**Problem description**: Return each record word for word, keeping none of its pictures.

**Dataset records**:

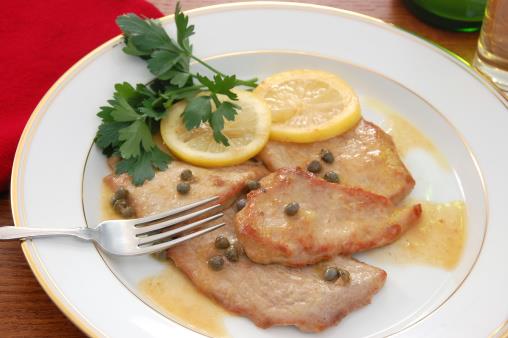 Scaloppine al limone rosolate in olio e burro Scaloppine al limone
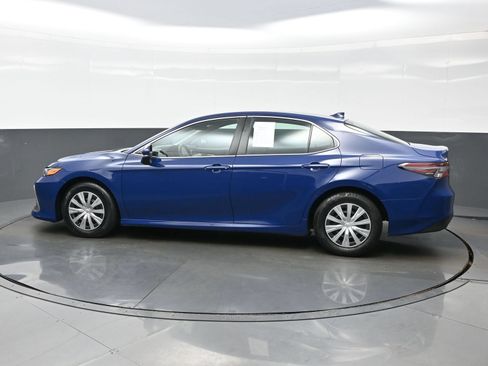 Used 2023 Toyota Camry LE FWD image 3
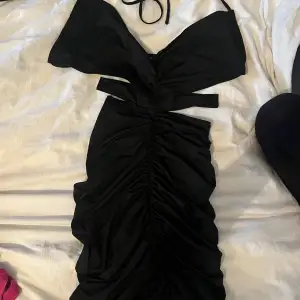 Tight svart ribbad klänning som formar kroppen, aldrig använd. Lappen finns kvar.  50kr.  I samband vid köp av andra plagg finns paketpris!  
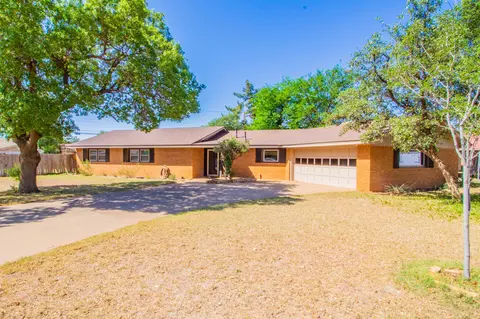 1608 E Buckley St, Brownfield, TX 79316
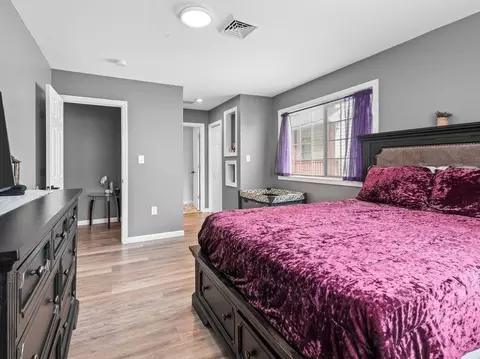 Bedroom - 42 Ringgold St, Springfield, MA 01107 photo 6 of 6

**Solution to this exercise**:
 Scaloppine al limone rosolate in olio e burro Scaloppine al limone
 Used 2023 Toyota Camry LE FWD image 3
 Tight svart ribbad klänning som formar kroppen, aldrig använd. Lappen finns kvar.  50kr.  I samband vid köp av andra plagg finns paketpris!  
 1608 E Buckley St, Brownfield, TX 79316
 Bedroom - 42 Ringgold St, Springfield, MA 01107 photo 6 of 6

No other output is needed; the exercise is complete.